All of these tech companies have fallen into the Wall Street trap and it will be their ultimate undoing. Meta probably more than most.
I feel like a broken record but Google cracked this particular nut in the 2000s by creating an environment where people could flourish who would otherwise suffer in Corporate America. Google studied this and found in the 2010s that psychological safety was the number one factor in team success [1].
Corporate America typically has what's called an "up or out" mentality. Jack Welch dogmatic thinking rules here. Fire the bottom 5% every year and if you don't get promoted within a certain period, get rid of you because you've reached your potential. This is what created things like stack ranking (which is nothing more than a popularity contest) and smoothing of performance ratings. The last one is toxic because a certain percentage of ratings have to be subpar (ie below "Meets Expectations"). All of this destroys collaboration and creates an environment where those who are more political and more likable rise to the top.
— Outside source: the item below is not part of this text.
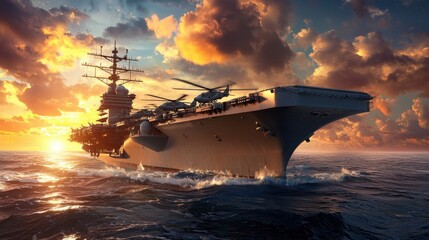 Majestic Aircraft Carrier Sailing at Sunset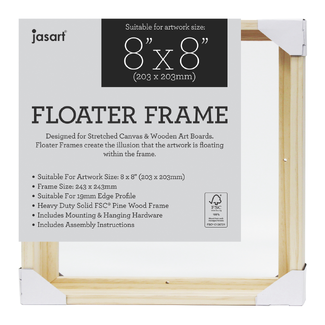 Jasart Thin Edge Floater Frame 8x8 Inch - Natural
And guess what? Your autistic engineers who otherwise flourished in early Google can't function effectively in such an environment. And these are the people who otherwise become subject-matter experts in storage systems, networking and other niche topics.
At some point innovation ends and the only way to satisfy the insatiable appetite for increasing profits is to raise prices and/or cut costs. So all these companies have engaged in the suppression of wages despite being wildly profitable on a per-employee basis.
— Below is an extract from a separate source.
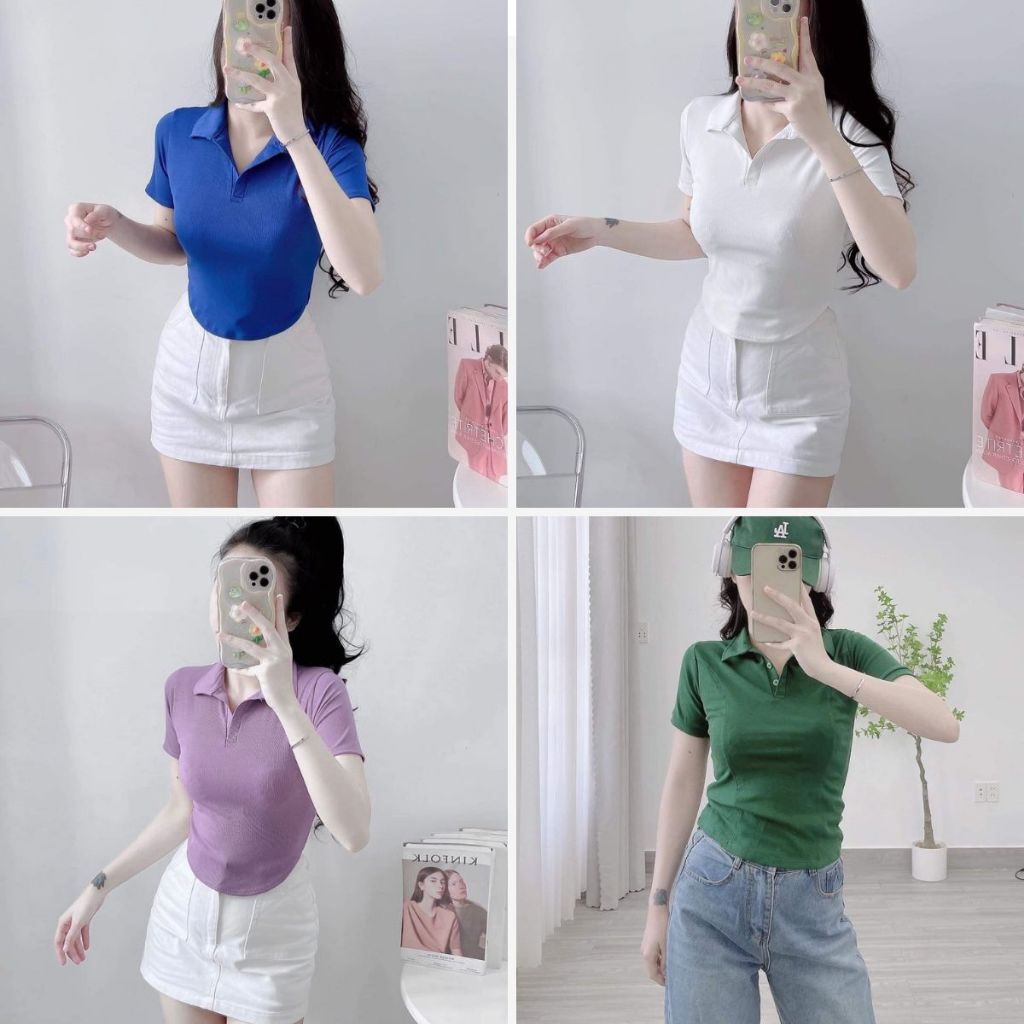 Áo Thun Body Cổ Bẻ Vạt Bầu Thun Gân Mịn Đẹp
As for Zuckerberg in particular, he clearly has no idea where to go with Meta and the AI division is a disaster. The posterchild for bad decision-making and leadership was the Metaverse because $70B+ was spent on an idea with no product-market fit. There were other less expensive boondoggles (eg Libra).
So Zuck hired like crazy in the pandemic because that's what everyone else did and has now engaged in massive layoffs because, well, that's what everyone else is doing and he has no idea what to do with those people. Notice how it's leadership errors that are massively disruptive to people's lives but they suffer none of the consequences when they're responsible? Yeah, me too.